One Canadian outlet that is purposely avoiding publishing the images is CBC News, according to an internal memo gathered by media critic Jesse Brown.
“We wouldn’t have published these images before today — not out of fear, but out of respect for the beliefs and sensibilities of the mass of Muslim believers,” David Studer, director of journalistic standards and practices, wrote to staff. “Why would the actions of a gang of violent thugs force us to change that position?”
That strikes me as… reasonableEnglish author Will Self, discussing the Paris shootings with VICE, put it better than I can: “The trouble with a lot of so-called ‘satire’ directed against religiously motivated extremists is that it’s not clear who it’s afflicting, or who it’s comforting. This is in no way to condone the shooting of the journalists, which is evil, pure and simple, but our society makes a fetish of ‘the right to free speech’ without ever questioning what sort of responsibilities are implied by this right.” (emphasis added)

The Case against #JeSuisCharlie
(The Walrus) The Charlie Hebdo cartoonists were probably the wrong people, in the wrong setting, to satirize Islam and its prophet
I do not seek to delegitimize anyone who shows solidarity with the Charlie Hebdo cartoonists who were brutally murdered for exercising their freedom of speech. But I believe that one can denounce this act of violence without celebrating the message promoted by the victims. That is why you will not see me telling anyone #JeSuisCharlie.

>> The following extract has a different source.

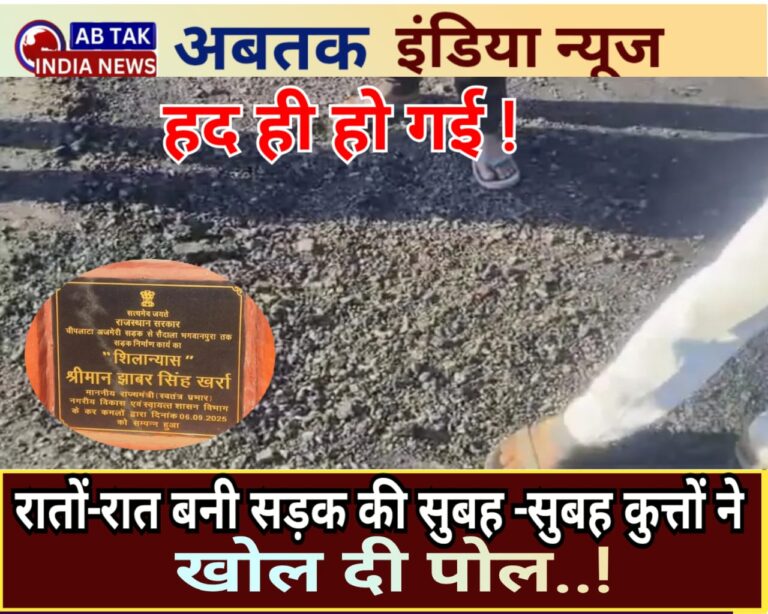 रातों -रात बनी सड़क की  सुबह -सुबह  कुत्तों ने खोली पोल ,UDH मंत्री ने दिए थे सड़क निर्माण के लिए 95 लाख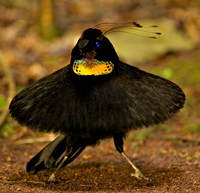 six plumed bird of paradise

George Packer: The Blame for the Charlie Hebdo Murders
(The New Yorker) A religion is not just a set of texts but the living beliefs and practices of its adherents. Islam today includes a substantial minority of believers who countenance, if they don’t actually carry out, a degree of violence in the application of their convictions that is currently unique. Charlie Hebdo had been nondenominational in its satire, sticking its finger into the sensitivities of Jews and Christians, too—but only Muslims responded with threats and acts of terrorism. For some believers, the violence serves a will to absolute power in the name of God, which is a form of totalitarianism called Islamism—politics as religion, religion as politics. “Allahu Akbar!” the killers shouted in the street outside Charlie Hebdo. They, at any rate, know what they’re about.
These thoughts don’t offer a guide to mitigating the astonishing surge in Islamist killing around the world. Rage and condemnation don’t do the job, nor is it helpful to alienate the millions of Muslims who dislike what’s being done in the name of their religion. Many of them immediately condemned the attack on Charlie Hebdo, in tones of anguish particular to those whose deepest beliefs have been tainted. The answer always has to be careful, thoughtful, and tailored to particular circumstances. In France, it will need to include a renewed debate about how the republic can prevent more of its young Muslim citizens from giving up their minds to a murderous ideology—how more of them might come to consider Mustapha Ourrad, a Charlie Hebdo copy editor of Algerian descent who was among the victims, a hero. In other places, the responses have to be different, with higher levels of counter-violence.